ROMAN, Andrew Bienvenu,

 

ROMAN, Andrew Bienvenu, governor of Louisiana, was born in Opelousas, La., March 5, 1795, of Creole parentage. He was brought up on his father's sugar plantation in St. James parish and was graduated at St. Mary's college, Baltimore, Md., 1815. In 1816 he purchased a sugar plantation in St. James parish. He was a representative for St. James in the Louisiana legislature for several years after 1818, and was speaker of the house for four years. He was subsequently parish judge until 1830, and governor of the state, 1831–35. As governor he was instrumental in the founding of Jefferson college, the clearing of the water courses of the state for navigation, the draining of swamp lands and building levees, the incorporation of the New Orleans Chamber of Commerce, and the formation of a state agricultural society.

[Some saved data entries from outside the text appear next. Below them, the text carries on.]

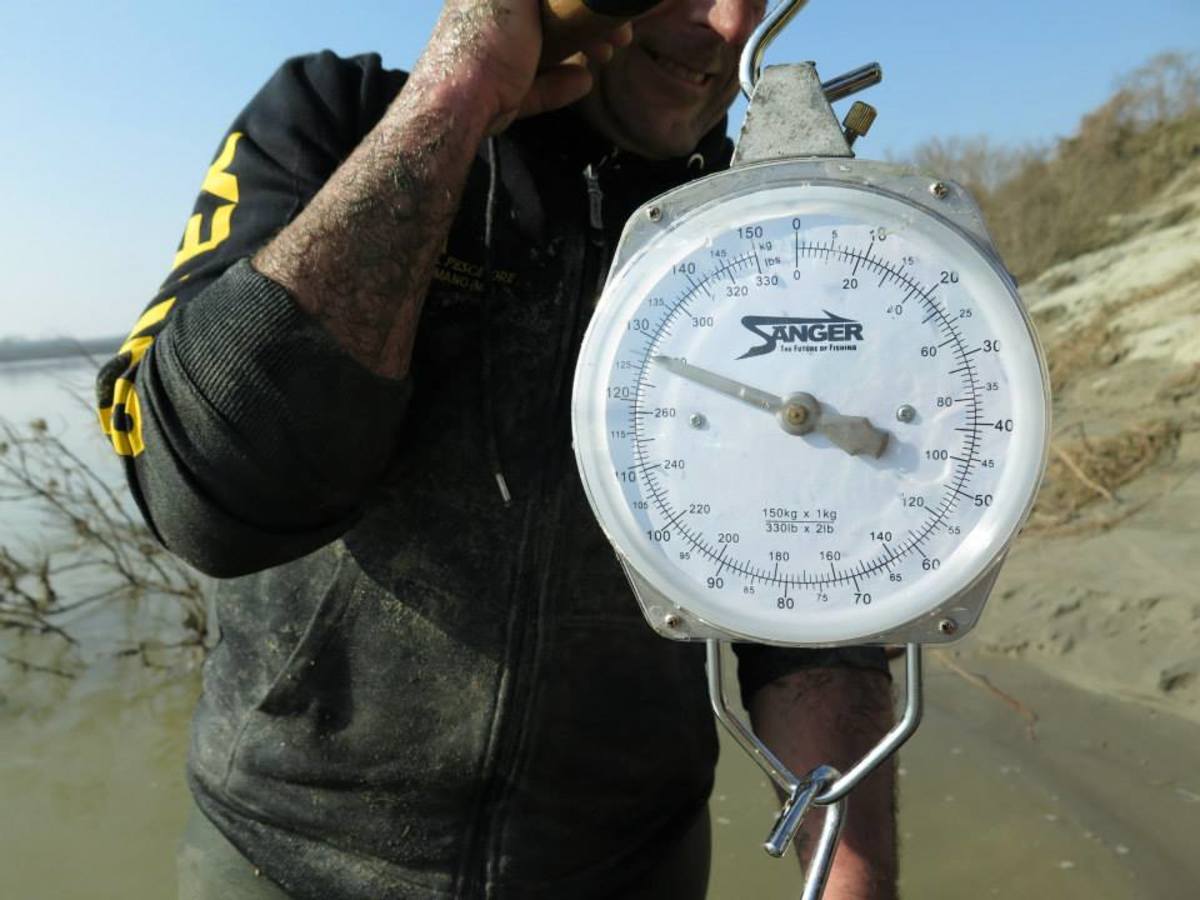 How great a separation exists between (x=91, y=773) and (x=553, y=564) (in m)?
3.50

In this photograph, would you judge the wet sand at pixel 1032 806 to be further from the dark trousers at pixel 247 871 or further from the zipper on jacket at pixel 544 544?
the zipper on jacket at pixel 544 544

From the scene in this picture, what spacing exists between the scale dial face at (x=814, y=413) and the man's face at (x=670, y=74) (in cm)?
61

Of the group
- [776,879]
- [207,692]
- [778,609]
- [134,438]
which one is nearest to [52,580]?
[776,879]

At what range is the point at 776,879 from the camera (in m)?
3.20

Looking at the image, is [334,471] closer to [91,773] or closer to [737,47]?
[737,47]

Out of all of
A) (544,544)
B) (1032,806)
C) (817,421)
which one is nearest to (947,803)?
(1032,806)

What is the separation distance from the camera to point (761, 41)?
990 millimetres

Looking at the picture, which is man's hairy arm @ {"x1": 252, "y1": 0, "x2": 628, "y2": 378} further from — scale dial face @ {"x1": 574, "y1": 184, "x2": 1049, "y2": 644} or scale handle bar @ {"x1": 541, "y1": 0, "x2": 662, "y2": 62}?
scale dial face @ {"x1": 574, "y1": 184, "x2": 1049, "y2": 644}

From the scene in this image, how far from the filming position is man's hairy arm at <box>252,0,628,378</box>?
1075 millimetres

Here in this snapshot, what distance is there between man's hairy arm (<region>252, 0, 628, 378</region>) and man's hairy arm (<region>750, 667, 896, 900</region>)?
0.77m

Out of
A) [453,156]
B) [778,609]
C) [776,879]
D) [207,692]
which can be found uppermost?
[453,156]

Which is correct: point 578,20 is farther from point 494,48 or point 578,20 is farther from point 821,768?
point 821,768

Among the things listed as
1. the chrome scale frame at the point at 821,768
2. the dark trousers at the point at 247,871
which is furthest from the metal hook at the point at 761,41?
the dark trousers at the point at 247,871

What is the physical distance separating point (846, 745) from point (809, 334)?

He was again governor of the state, 1838–41; a member of the constitutional conventions of 1845 and 1852, and of the secession convention of 1861. He was one of the three provisional commissioners sent to Washington in 1861 to effect a peaceable separation of the states; refused to take the oath of allegiance to protect his property when Louisiana fell into the hands of the Federal army, and after the war was recorder of deeds and mortgages in New Orleans. He died suddenly on Dumaine street, New Orleans, Jan. 26, 1866.